▶ YOUR OBJECTIVE
Look below for the line with "1 GRAM + redwhisker" and the line with "Jimi Hendrix: Live"; repeat exactly those two lines and all lines between them, but no pictures.

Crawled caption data
<<<<

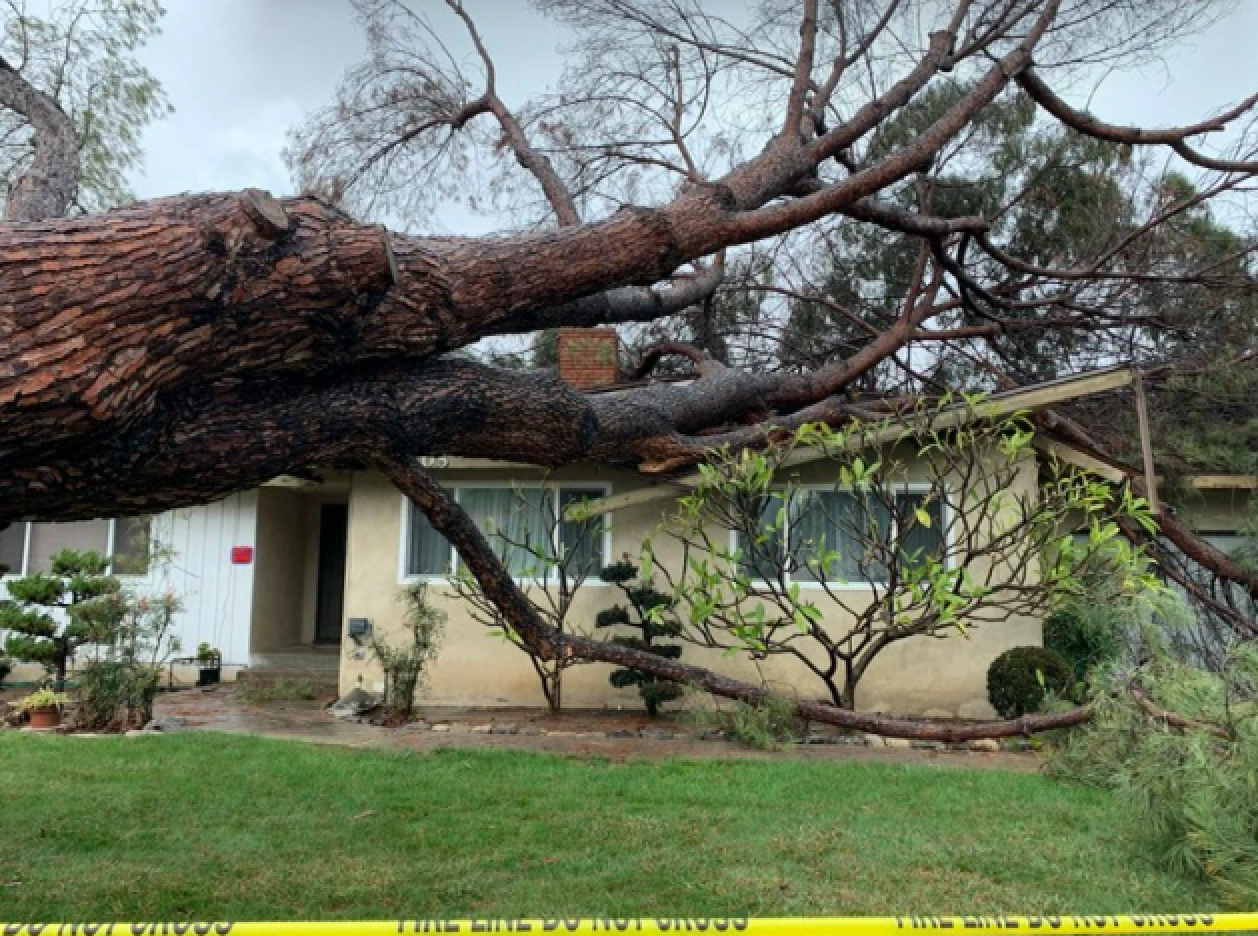 A huge tree collapsed onto a house.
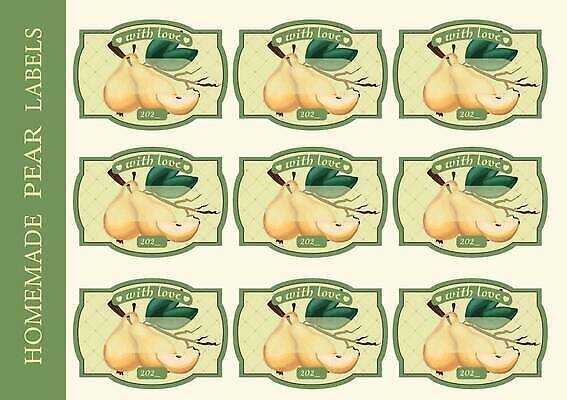 EPS 해외이미지 일러스트 사람없음 초록색 세트 라벨 빈티지 잼 서양배 핸드메이드 해외202309 해외일러스트 컬러 컨셉 프레임 배_과일 소스_음식 파일형식 벡터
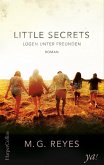 Lügen unter Freunden / Little Secrets Bd.1 (eBook, ePUB)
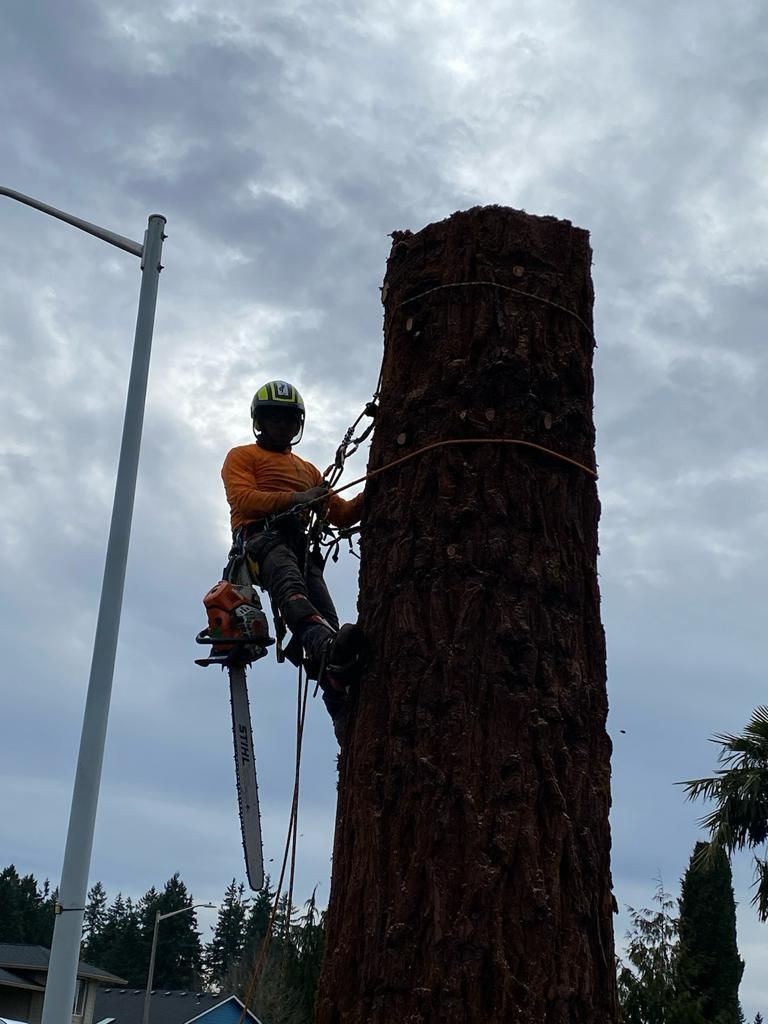 Worker in orange gear on a tree trunk, using climbing equipment outdoors under a cloudy sky.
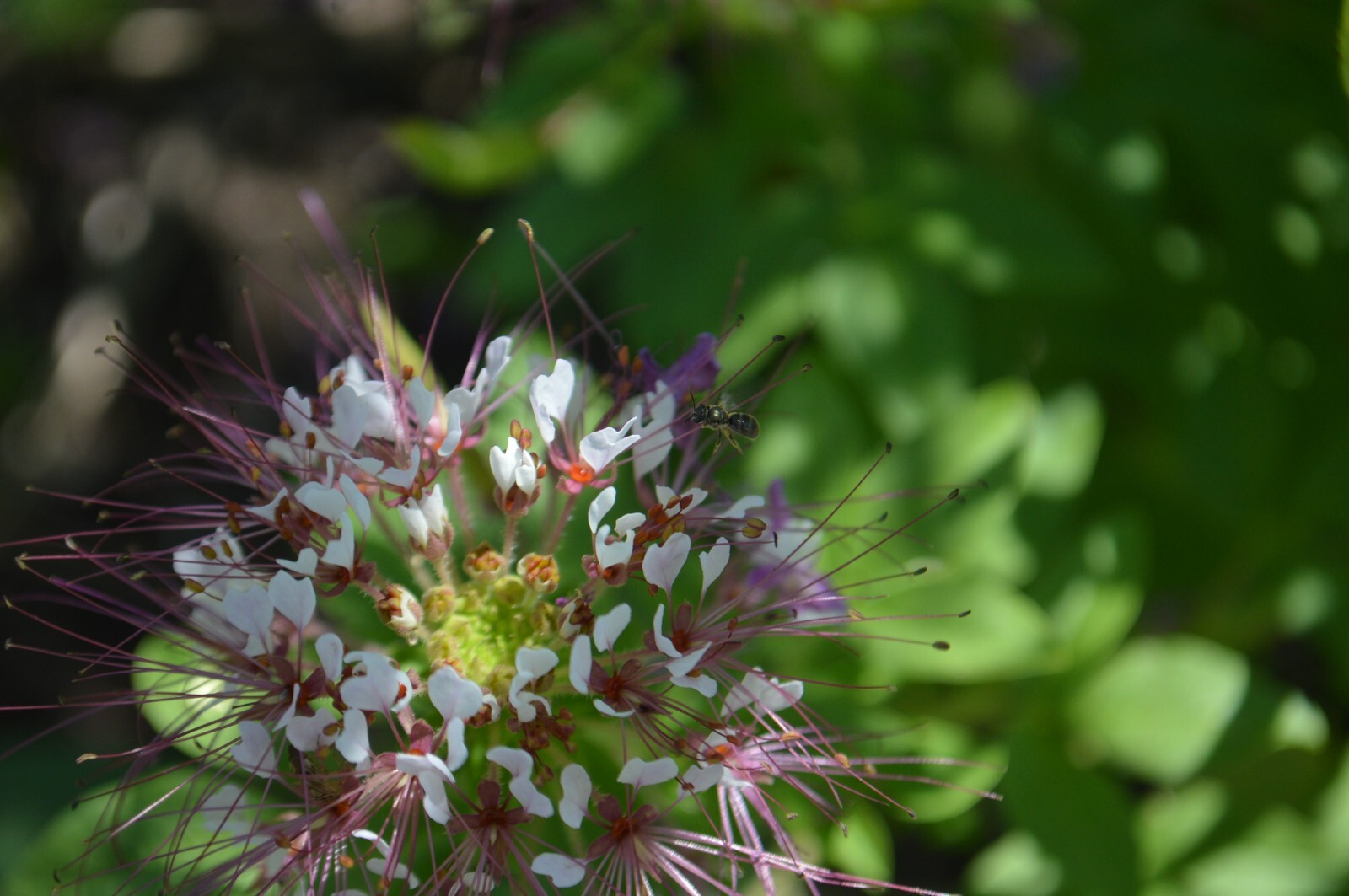 1 GRAM + redwhisker clammyweed/NATIVE/Polanisia dodecandra/ORGANIC/400 + seeds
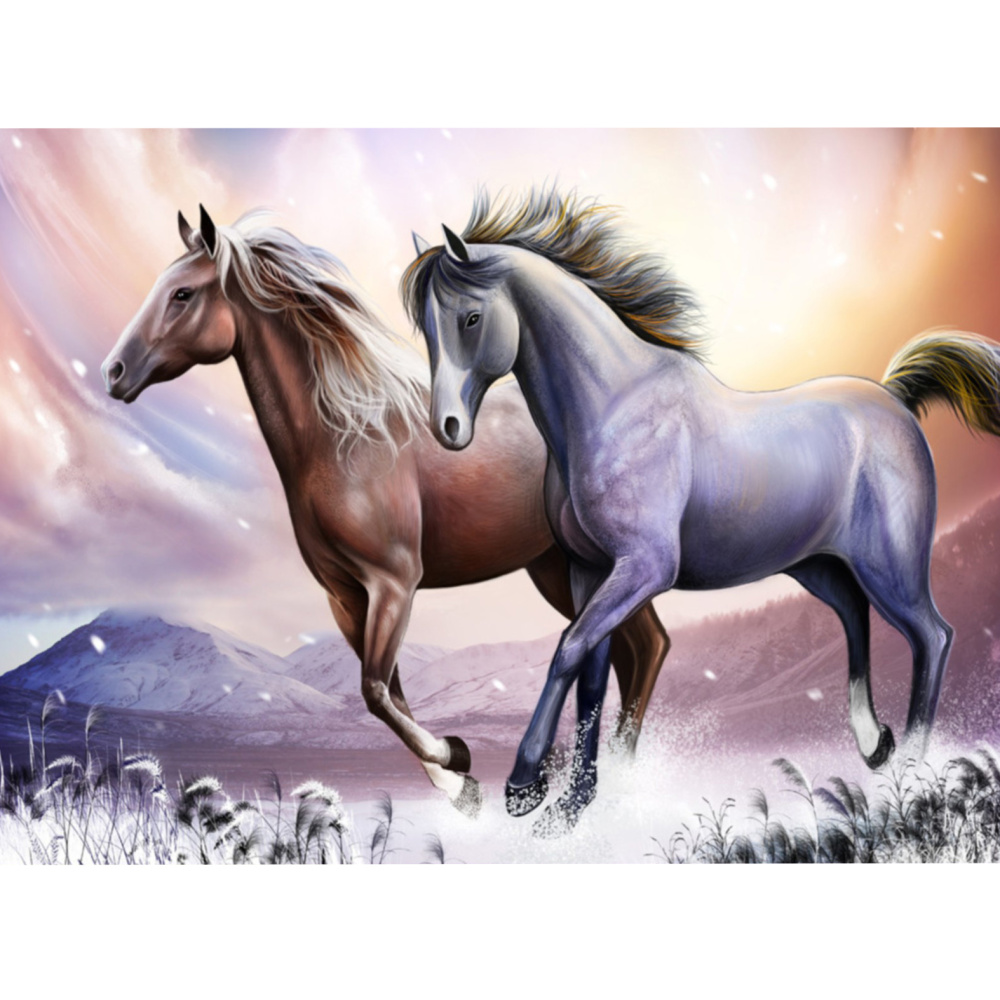 Painting by Numbers, Wall Decor / 40x50 cm - Young Horses,  BFB1234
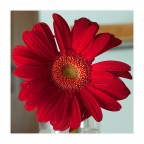 Flower Flower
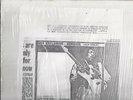 Jimi Hendrix: Live In Germany 1970:  Rare Collector's LP [Isle Of Fehmarn]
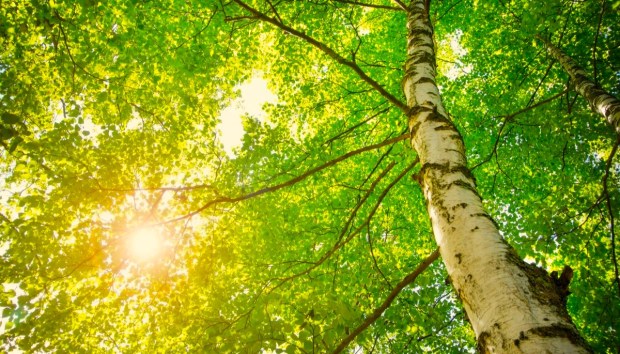 Birch tree foliage in morning light with sunlight
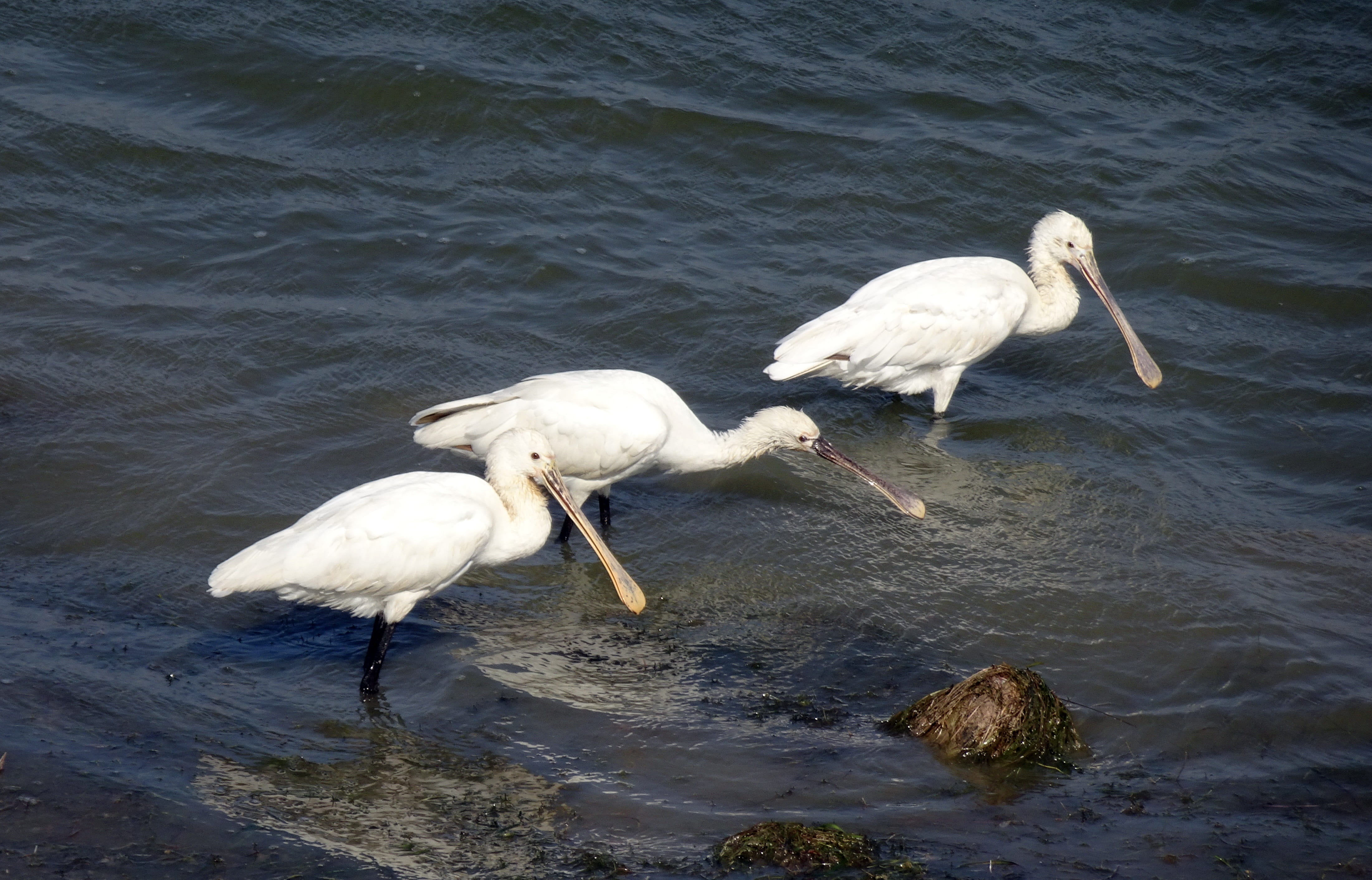 india, two animals, no people, common spoonbill, wading bird, birdlife, eurasian spoonbill, 4K, vertebrate, animal wildlife, white, bird, wild, animal, HD Wallpaper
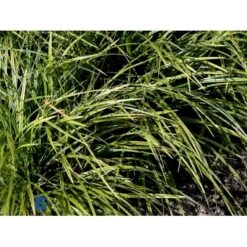 Star 'Variegata' Carex Morrowii 'Variegata' 1 Liter Potte 7 Star 'Variegata' Carex Morrowii 'Variegata' 1 Liter Potte -Montoz Butik fi7881 carex morrowii variegata 5e7e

>>>>

▶ REPLY TO THE TASK
 1 GRAM + redwhisker clammyweed/NATIVE/Polanisia dodecandra/ORGANIC/400 + seeds
 Painting by Numbers, Wall Decor / 40x50 cm - Young Horses,  BFB1234
 Flower Flower
 Jimi Hendrix: Live In Germany 1970:  Rare Collector's LP [Isle Of Fehmarn]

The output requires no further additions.